Passing Judgment – Dream Teams are made of these

In all the major sports, the term “Dream Team” has been used as a moniker for a handful of teams.  The term originated in the sports vernacular with the 1992 Olympic men’s basketball team which was comprised of legends such as Michael Jordan, Larry Bird, Magic Johnson, Charles Barkley, Karl Malone, and a litany of other superstars.  Only in a dream could a team of this caliber be assembled.  Other teams could only dream of competing against them.  That team went on to achieve unprecedented success and is one of only eight teams enshrined in the basketball Hall of Fame.

Prior to the 2010/2011 NBA season, the Miami Heat acquired free agents LeBron James and Chris Bosh to complement superstar Dwyane Wade.  This assemblage of talent caused the NBA universe and basketball experts to deem the Heat as “the Dream Team” of the current NBA.  They were all but handed the championship before the season’s opening tipoff.  While it took several weeks for Miami to gel as a team, they did go on to have a tremendous season and find themselves in the NBA Finals against the Dallas Mavericks.  What was thought to be an inevitable championship turned into an indictment of LeBron’s character and a celebration of a true team victory led by Dirk Nowitzki.  It is still very likely that Miami will eventually win a championship during LeBron’s tenure.  But players on a so-called Dream Team still must go out and perform against other professionals who are even more motivated to turn those dreams into nightmares.

Continuing the trend of acquiring big name free agents, the Boston Red Sox made the biggest splashes of the 2010/2011 MLB offseason when they acquired both Adrian Gonzalez and Carl Crawford.  These two superstars were added to an already potent lineup that included Jacoby Ellsbury, Dustin Pedroia, Kevin Youkilis and David Ortiz.  They also had an impressive starting rotation with Jon Lester, Josh Beckett, Clay Buchholz and John Lackey.  Given their deep and talented lineup and solid pitching, the Red Sox were heavy favorites to represent the American League in the World Series.  They were even touted as the best Red Sox team…ever.  Unbelievably. they started the season 0-6 and then 2-10.  But eventually they clicked on all cylinders and were the best team in baseball outside of Philadelphia for most of the summer.  This, despite an awful inaugual season in Boston for Crawford and injuries taking a toll on the pitching staff.  On September 1, 2011, the Red Sox found themselves 31 games over .500 and with a nine game lead over the next wild card team.  But then began arguably the most epic collapse in baseball history as Boston went 7-20 in September and allowed Tampa Bay to overtake them and win the AL wild card.  The “best team ever” was clearly a misnomer.  The dream team-like lineup and pitching staff they had fell apart.  Injuries and lack of production in key spots led to the Red Sox downfall as they failed to meet the hype that they had embraced and embodied.

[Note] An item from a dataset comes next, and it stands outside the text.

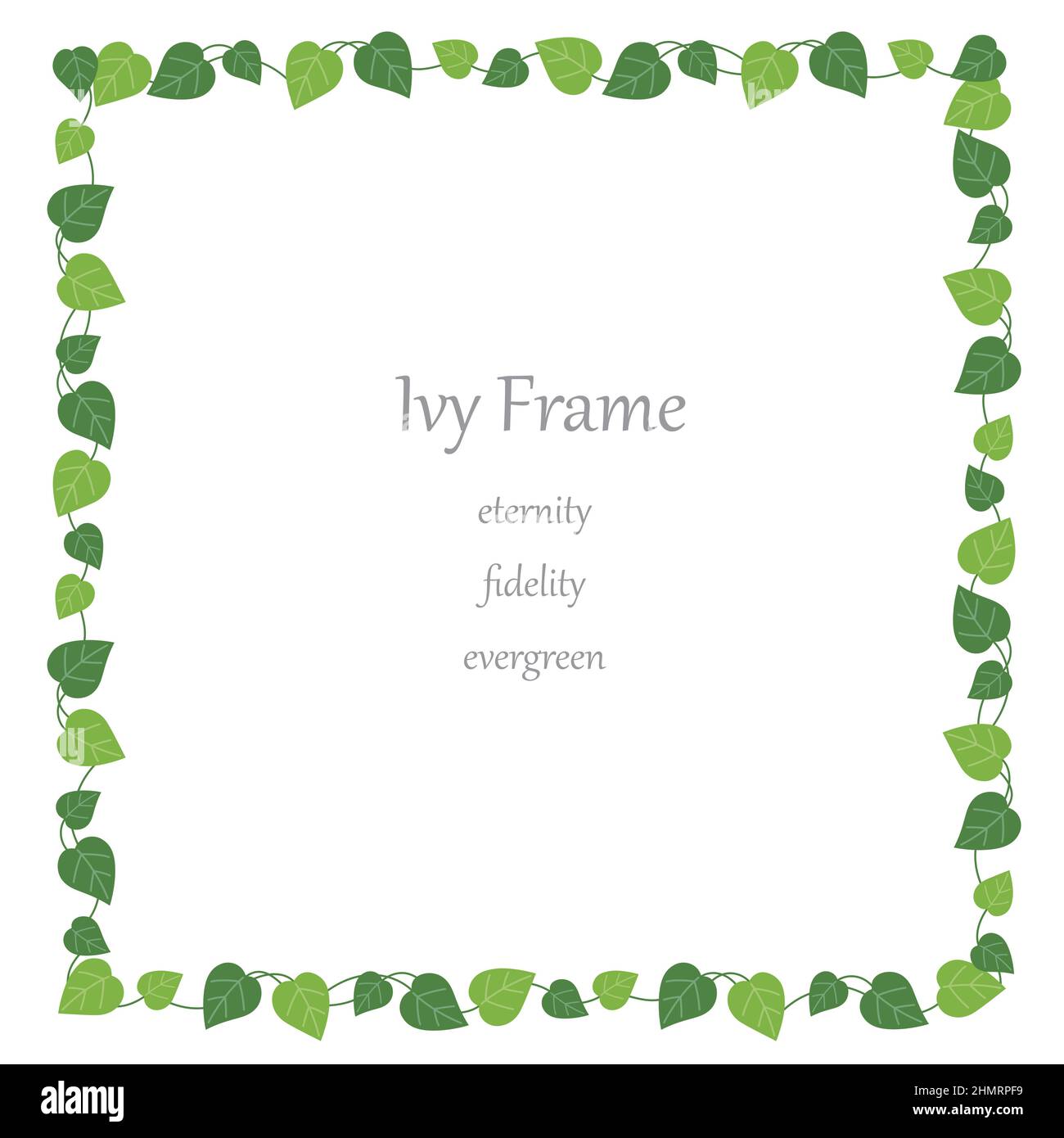 Square ivy frame isolated on a white background. Vector illustration. Stock Vector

In the wake of the NFL lockout, the Philadelphia Eagles were unquestionably the busiest team in the offseason in terms of signing high profile free agents and making changes to their roster.  They released long-time kicker David Akers and decided to go with rookie Alex Henery.  They signed former 1st round pick Vince Young to become their backup quarterback and replace Kevin Kolb, who was traded to the Arizona Cardinals for defensive back Dominique Rodgers-Cromartie and a 2012 second round pick.  They signed defensive end Jason Babin and running back Ronnie Brown.  They stole possession receiver Steve Smith from their archrivals, the New York Giants.  They placed the franchise tag on superstar quarterback Michael Vick, and then proceeded to agree to a new six-year contract with him.  And, seemingly out of nowhere, the Eagles signed one of the best cornerback in the league, Nnamdi Asomugha, to solidify their secondary.  These acquisitions were made to complement an already talented roster that included LeSean McCoy, DeSean Jackson, Jeremy Maclin and Brent Celek.  On paper, the Eagles looked like one of the best teams in the league and a possible Super Bowl contender.

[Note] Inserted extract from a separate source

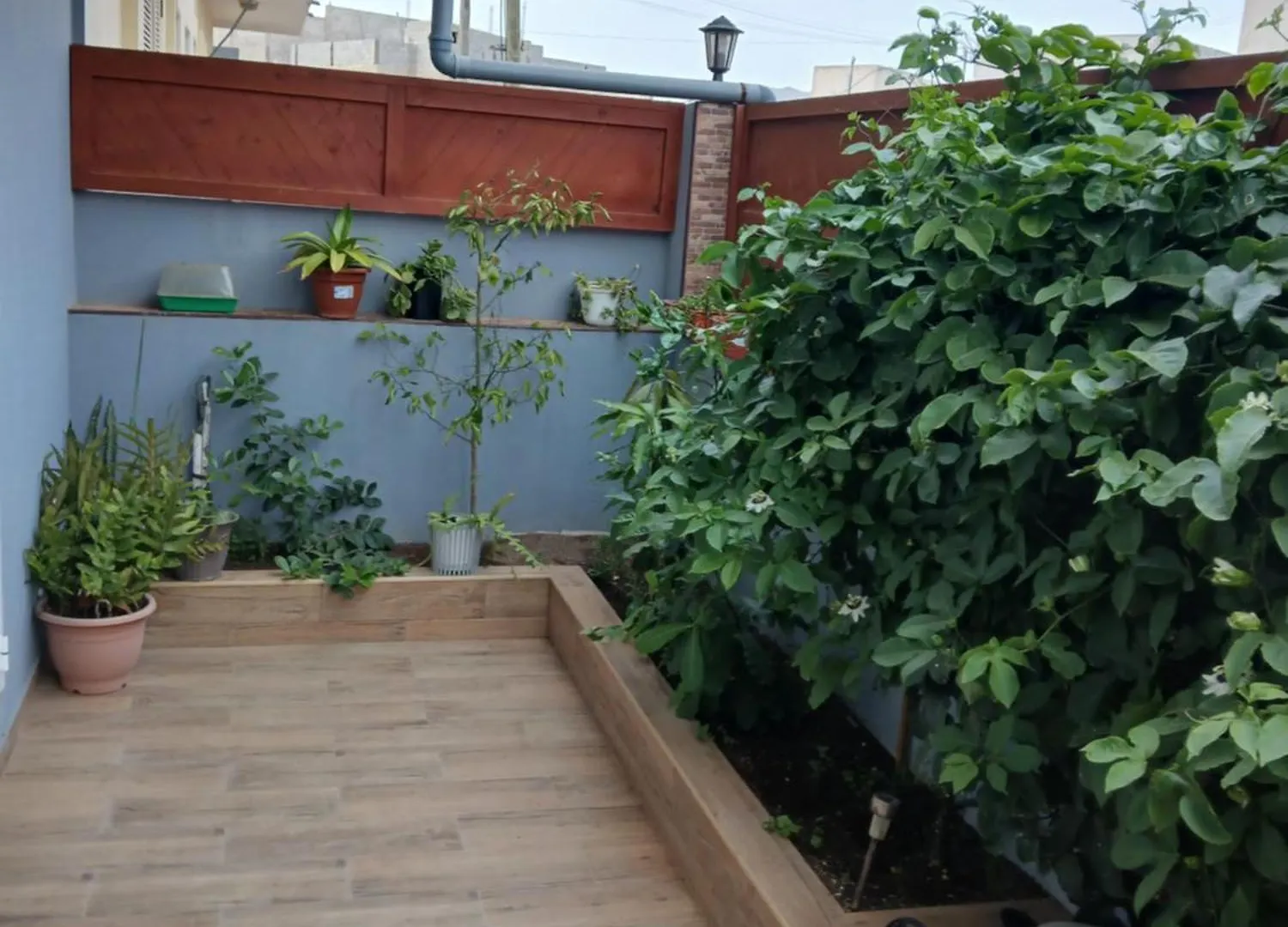 Hotel Nifa House Espargos Kap Verde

Through four weeks of the 2011 NFL season, the Eagles find themselves 1-3 and in last place in the NFC East.  That is not to say that the Eagles won’t come back and have a successful season.  They should not be counted out by any stretch of the imagination.  But the point is that after a quarter of the season, the vaunted “Dream Team” has been anything but dreamy.  They have lost three games in a row, all games they could have and should have won.  The last two defeats were at home against the Giants and 49ers respectively.  These two crushing defeats represent the extra motivation and inspiration that opponents will have against them.  The Giants didn’t necessarily need any extra motivation given the embarassing defeats the Eagles have laid on them over the past few years.  But you saw a defensive effort against Michael Vick that was clearly intended on sending a message.  The Giants went on to outplay the Eagles and punish Vick with sacks, hits and pressures.  Second year receiver Victor Cruz had the game of his life replacing the injured Mario Manningham and caught a spectacular touchdown against Asomugha.  Eli Manning was almost perfect as he threw four touchdowns and picked apart Philadelphia’s secondary.

This past week, the Eagles hosted the offensively-challenged 49ers in a game that was not expected to be competitive.  After the first half, it did not look like it was going to be.  Philadelphia built a 23-3 lead in the 3rd quarter and seemed like they would cruise to the victory.  But all of sudden, the much maligned Alex Smith began picking apart that same secondary.  Frank Gore got healthy real quick and found holes in the Eagles’ defensive line.  The 49ers defense suddenly stiffened up and didn’t allow anything else.  Somehow, San Francisco came all the way back and took the lead 24-23.  In the irony of all ironies, Alex Henery, the kicked that the Eagles drafted to replace David Akers, missed two field goals.  Akers, signed as a free agent with San Francisco after he was released, also missed two field goals.  But he did connect on the extra point that would prove to be the winner after Gore scored a touchdown with three minutes remaining in the 4th quarter. 

The point of this is that teams deemed to be a “Dream Team” have extremely high expectations placed on them.  The original Dream Team was truly a team comprised of the greatest players in the entire league.  They were all legends (except Christian Laettner) and had the ability to play as a cohesive unit.  They set their egos aside (to a degree) and dominated the world in men’s basketball.  The Miami Heat and Philadelphia Eagles are two examples of how teams perceived to be dreamy need a lot more than just big names and paper championships to truly reach their destiny.